As Bunty spoke, Herbert glanced through the scrapbook, laughing occasionally and remarked “The person who prepared this might not have had much else useful to do,  but I have to admit, I find it hilarious. Look at these drawings and the silly articles where they have substituted Lord Desborough’s name. It says ‘Spectators in the stadium saw a remarkable exhibition of wrestling by Lord and Lady Desborough. Lady D is marked with a cross.’”


Noting Bunty’s blank expression, Herbert put the book down and decided against sharing with her the faux cutting about Lord Desborough “pulling the Royal train single-handedly” and another about him “leading a display of calisthenics with Indian clubs at the Crystal Palace.” He sighed resignedly "Well, I thought it was funny anyway...”

Changing the subject, Bunty said “And what’s the other one then?”


“It’s called ‘The Book of Fearfuljoy’ replied Herbert turning its pages and smiling. It seems to be a collection of funny items – malapropisms, bad verse and stories. There seem to be lots of cuttings, pictures and letters about the novelist Marie Corelli, of all people.  There are some silly jokes - some a little risqué - and some puns and the odd Spoonerism. You know, ‘Town drains and the Dear old Queen and all that.’ It seems to be some kind of scrapbook. A grown-up version of what the twins are making just now.”

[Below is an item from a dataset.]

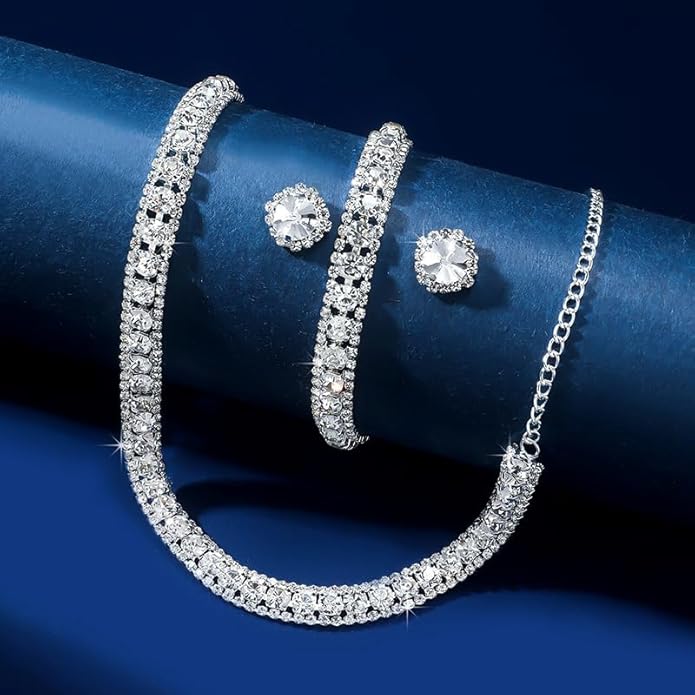 Women Rhinestone Crystal Jewelry Set Crystal Tennis Design Rhinestone Choker Necklace Link Bracelet Teardrop Earrings Set Wedding Bridal Bridesmaids Party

“I think the twins’ effort might make a bit more sense,” said Bunty disapprovingly.

“There are various articles” explained Herbert, "Here's a strange pamphlet called ‘The Uric Acid Monthly’. You have to admit that’s quite amusing, don’t you?”

“Sounds disgusting to me, if you really want to know. So it's basically a book of nonsense then? "asked Bunty, who remained singularly unimpressed and found the collected absurdities before her somewhat unsettling, “Is it supposed to be funny?”


“I don't see that there's any harm in bringing a bit of levity together. Everyone is so eager to emphasise the serious and negative, why not celebrate the light-hearted and the plain silly once in while? Oh Bunty, don’t be so narrow-minded. Travel is supposed to broaden it you know!”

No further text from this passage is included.